I know the gut response you’re having: “I would never…!!”

Wouldn’t you?

Psychological studies like the Milgram Experiment and the Stanford Prisoner Experiment have shown that humans are capable of atrocities they could never imagine.

But we don’t need those studies to be our warning. Thousands of years before them, Paul already wrote words of caution to the Corinthian church: “let anyone who thinks that he stands, take heed, lest he fall” (1 Cor. 10:14).

And what about the oft quoted proverb, “Pride goes before destruction, and a haughty spirit before a fall” (Proverbs 16:18).

We must have humble hearts before God and man, and realize that as godly and good as we think we are, we are just a few poor decisions away from the person we are demonizing today.

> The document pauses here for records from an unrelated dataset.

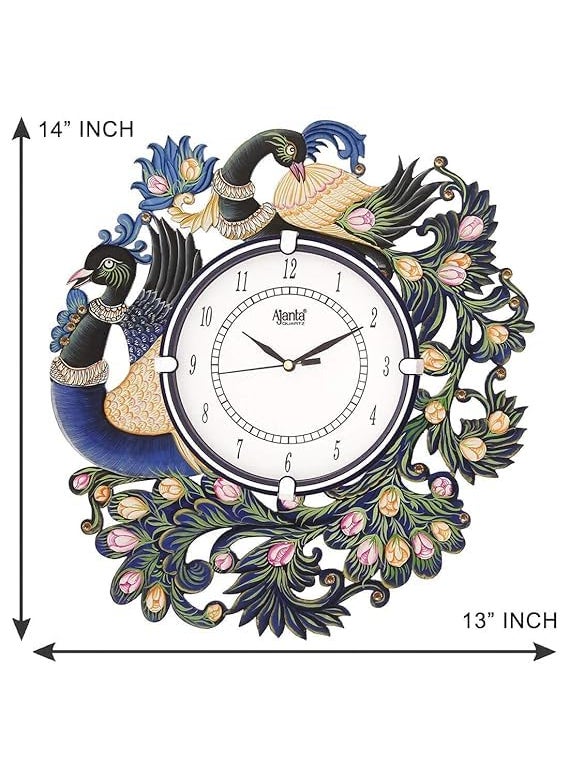 CIRCADIAN Ajanta Wooden Hand Painted Designer Quartz Movement Wall Clock for Home Living Room Decorative Wall Clocks for Home Office (bsr01)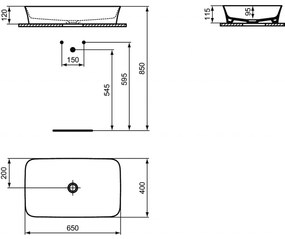 Ideal Standard Ipalyss - Umývadlová misa 650x400 mm, bez prepadu, biela E188601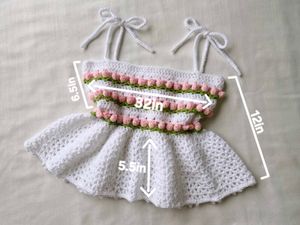 Crochet Tulip 🌷 Ruffle Top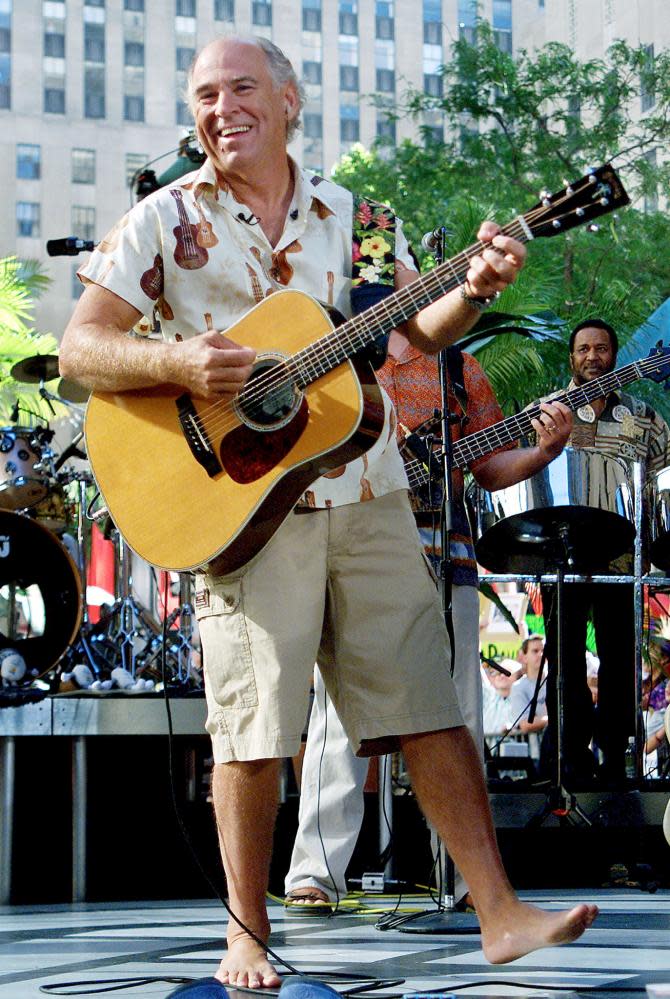 Jimmy Buffett on stage during an outdoor concert in New York, 2001.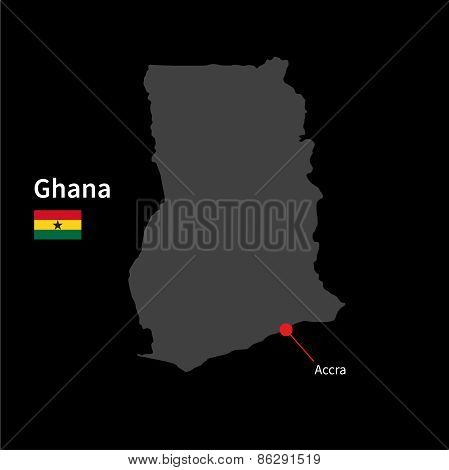 Detailed map of Ghana and capital city Accra with flag on black background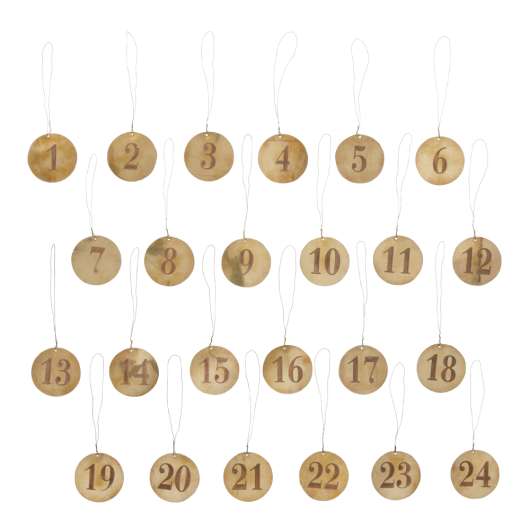 Bungalow - Adventskalender 24 siffror 5 cm Guld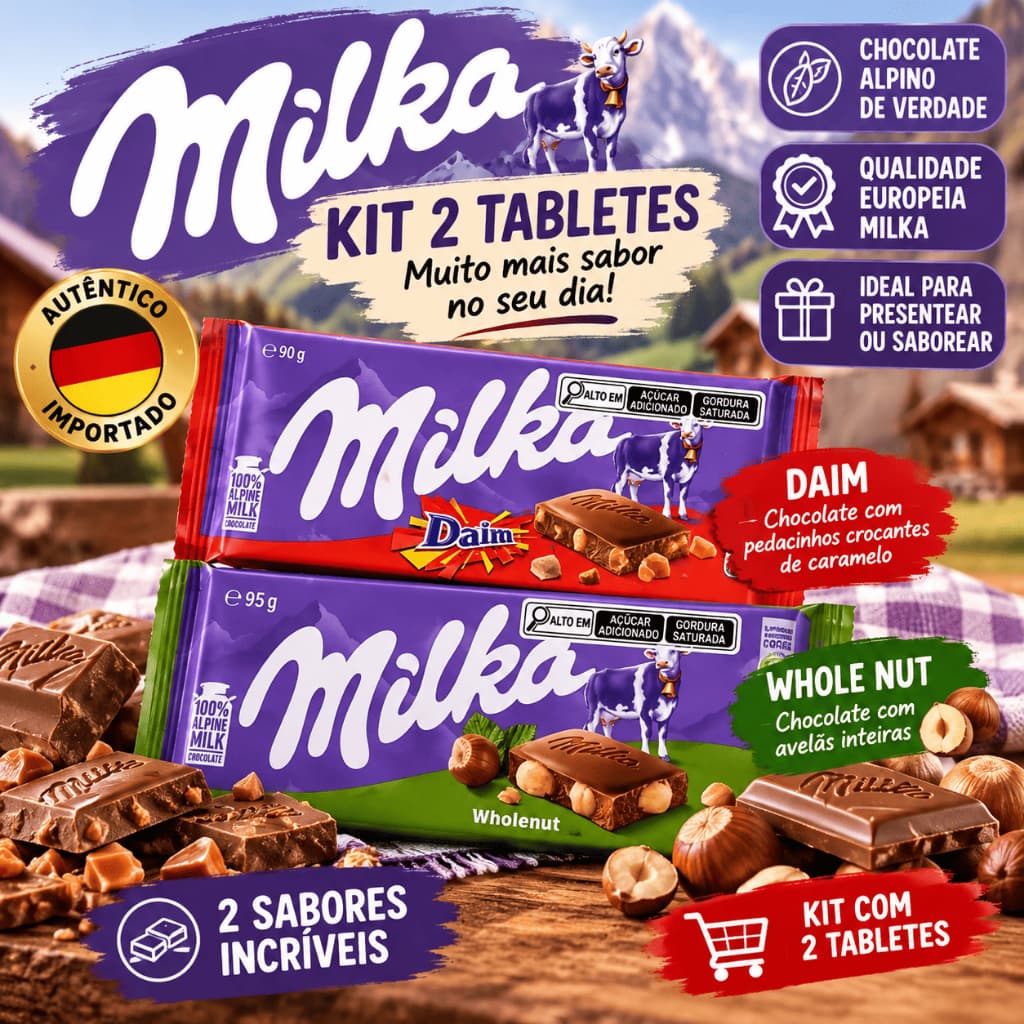 Kit 2 Chocolates Milka Daim 90g + Whole Nut 95g Avelã Caramelo Importado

Should we speak up when we see things that are unjust, immoral, or ungodly gaining a foothold in our society.  Absolutely!  Should we stand for Truth, come what may?  Without a doubt!

But posting cruel words and biting memes on the internet, for the sole purpose of gaining likes and comments from those who already agree with us is not helpful.  Our pious and self-righteous “Amens,” congratulating one another on a catty comment or provocative post only serves to close our circle tighter against people who are hurting and seeking a better way.


Where Do We Go From Here?

If you want to practice speaking the truth in love, here are some tips I’ve found helpful.

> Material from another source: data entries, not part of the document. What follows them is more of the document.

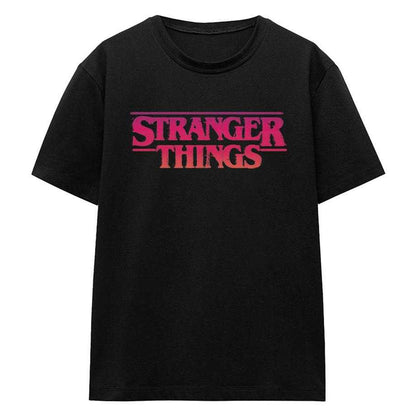 Black - Front - Stranger Things Womens-Ladies Sunset Logo T-Shirt
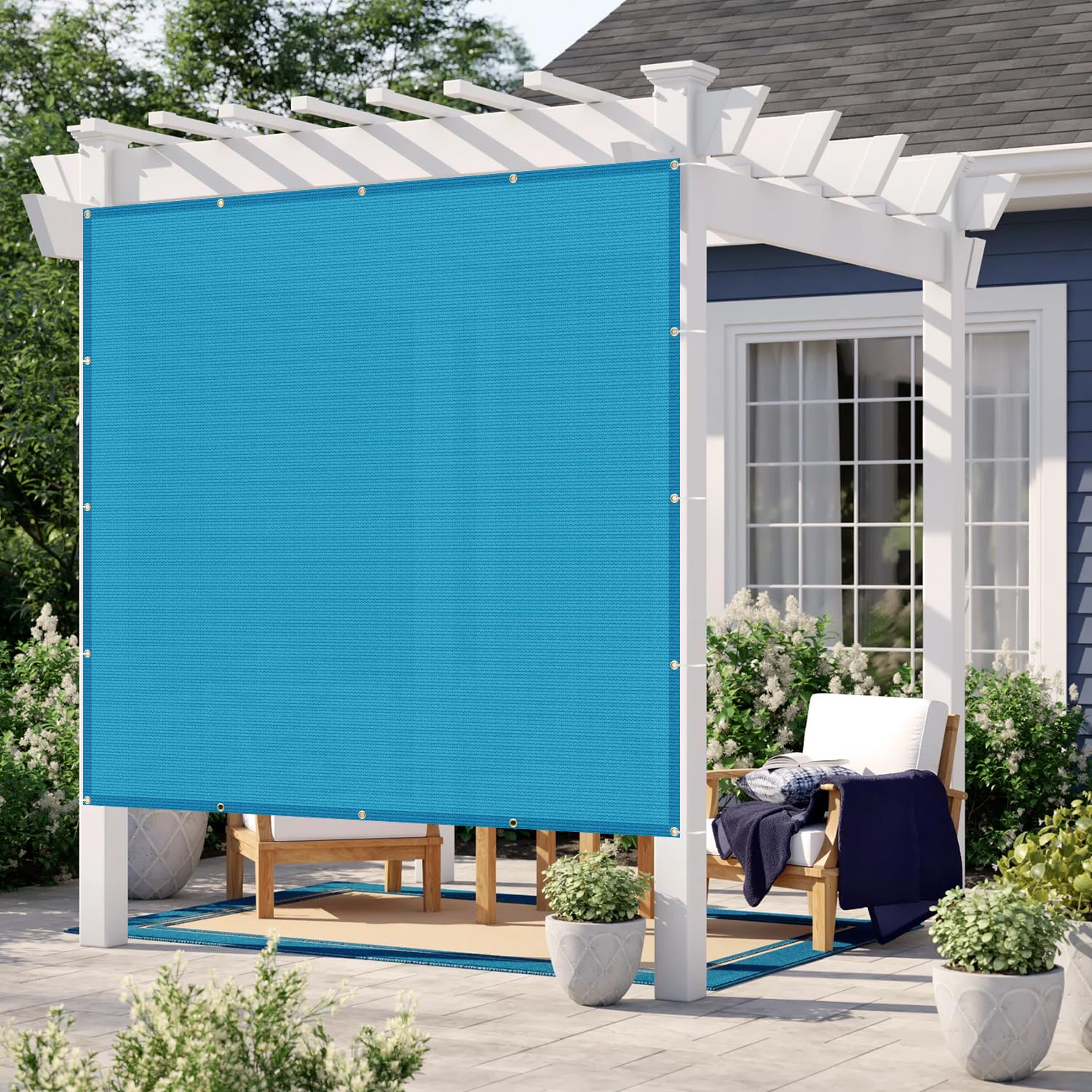 Love Story Custom Size 9X18 Ft Sun Shade Cloth With Grommets Pergola Shade Cover 95% Uv Protection For Patio Outdoor, Turquoise
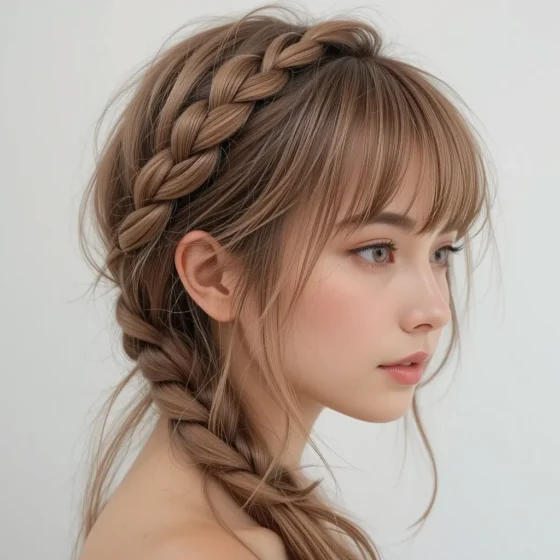 Piecey Bangs with a Boho Braid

  • Read the Word for yourself. Study it.  Ask God to open your eyes to what He is saying.
  • Find someone with whom you can discuss these sensitive issues in detail, from all angles. Someone who is also in the Word.  Someone who won’t judge you for your questions.  Someone who can help you find what is true amidst the cacophony of voices screaming from every perspective.
  • Get your news from multiple reliable sources. Don’t rely on what you see on Facebook or Twitter.  The reality of a situation can never be distilled down into a pithy meme.  Go looking for facts, and differing viewpoints.
  • Seek out things to read and listen to with which you expect to disagree. I have found podcasts like This American Life and The Moth to be instrumental in helping me understand others’ perspectives. The ladies behind The Pantsuit Politics podcast and The Nuanced Life have also given me much to ponder and consider.  These things are not Christian!  They don’t start with the same assumptions and beliefs I carry.  I’ve heard stories that made me laugh, others that made me cry, even some that made me angry.  THAT IS OKAY!  If I only ever listen to people who have the same beliefs and experiences as I have, it makes it hard for me to love the person whom I see as different.
  • Pray for discernment. Ask God to help you use wisdom as you sift through information that might be uncomfortable and foreign.  When we are in His Word, and pray for His Spirit to guide us, He will show us when we are wandering off in the wrong direction.
  • Talk through the ideas and opinions you find with that trusted person from the second bullet above. Practice articulating why you disagree, using a loving and respectful manner, rather than the condemning and hateful tone (which admittedly is often more readily accessible.)
  • Listen to this episode of the Journeywomen Podcast. It will help you know where to start in having conversations with someone who disagrees with your worldview.
  • Think before you speak. Pray before you post. Ask yourself, “is this actually helpful?” Be honest. If it’s not, stay quiet.
  • Read the Word some more. Keep reading it. Never stop. Let it shape you and change you.

We can’t use hateful, demeaning, and unkind language, expecting that people will be shamed into changing their ways.

Only the spirit of God can transform a sinful heart.

We need to love people to Jesus, so His truth has the chance to do the work we can’t accomplish.



4 thoughts on “Speaking the Truth in Love”

  1. Thank you for letting God lead you through the discomfort in order to help us examine our motives and spur us to see through His eyes.